The key here is *perhaps*.

I agree that this is what you should do, but then you should wait
until/unless your changes are accepted upstream before cramming them
into the Debian version.  Even if you just wait for a "OK, we're
putting that into the current CVS tree".  What if the upstream people
reject them and announce in no uncertain terms that they don't want
their program to work that way?  What if most of the existing user
base agrees with them?  Now you'd have a fork.

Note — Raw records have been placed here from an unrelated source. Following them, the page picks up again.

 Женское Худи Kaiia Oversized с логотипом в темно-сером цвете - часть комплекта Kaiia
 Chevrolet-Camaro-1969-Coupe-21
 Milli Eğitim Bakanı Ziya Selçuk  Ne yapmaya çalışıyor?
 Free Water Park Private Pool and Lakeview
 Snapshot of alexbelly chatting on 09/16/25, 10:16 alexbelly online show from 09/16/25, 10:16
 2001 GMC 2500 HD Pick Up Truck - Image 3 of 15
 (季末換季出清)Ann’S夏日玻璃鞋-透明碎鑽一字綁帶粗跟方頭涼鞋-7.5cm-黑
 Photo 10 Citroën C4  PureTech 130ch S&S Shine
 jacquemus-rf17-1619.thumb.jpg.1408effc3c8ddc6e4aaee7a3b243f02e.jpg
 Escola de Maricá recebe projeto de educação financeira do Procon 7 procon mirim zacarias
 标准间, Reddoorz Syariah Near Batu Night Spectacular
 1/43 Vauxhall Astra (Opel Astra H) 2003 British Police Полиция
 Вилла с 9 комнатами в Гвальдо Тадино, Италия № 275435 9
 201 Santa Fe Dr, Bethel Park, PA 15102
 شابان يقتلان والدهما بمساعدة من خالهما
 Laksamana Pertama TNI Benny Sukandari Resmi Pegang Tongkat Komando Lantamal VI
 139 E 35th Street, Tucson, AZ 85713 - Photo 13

>  I've also decided to put the Debian swirl into the splash screen,
>  superimposed over the standard XEmacs logo, and quantized to our
>  standard color map.  (The blue XEmacs doesn't look quite as nice;
>  it's a brighter blue now, but at least it won't eat as many colors
>  as it did, for people with hand-me-down PC's that only do 8bpp.)
>  I've also set the `gc-pointer-glyph' to the swirl.  (It's a nice
>  enough looking recycle sign.)  You will still be able to override
>  the gc-pointer with an X resource or code in your init.el, of
>  course.

It's your package, but I can see how some developers might call this
cart-leading-the-horse downstream re-programming.  It's free-software,
so you can do what you want, but I think out of respect for the
authors, you should strongly consider going through their channels to
get your improvements accepted when they're substantial behavior
changes.

As a user, I don't think I'd actually want any of the changes you've
suggested made to emacs (unless they became the upstream standard
first), but I don't use or maintain xemacs, so it's not an issue I
have to confront.

At the very most, I'd want the Debian logo to only appear if I
installed a debian-xemacs-startup-logo package or something.  Note
that we don't even put the penguin/swirl on the boot up screen unless
someone installs debian-logo.  Should every program have the swirl on
their startup screen?  Even Windows doesn't do that...

Perhaps I'm just being a curmudgeon.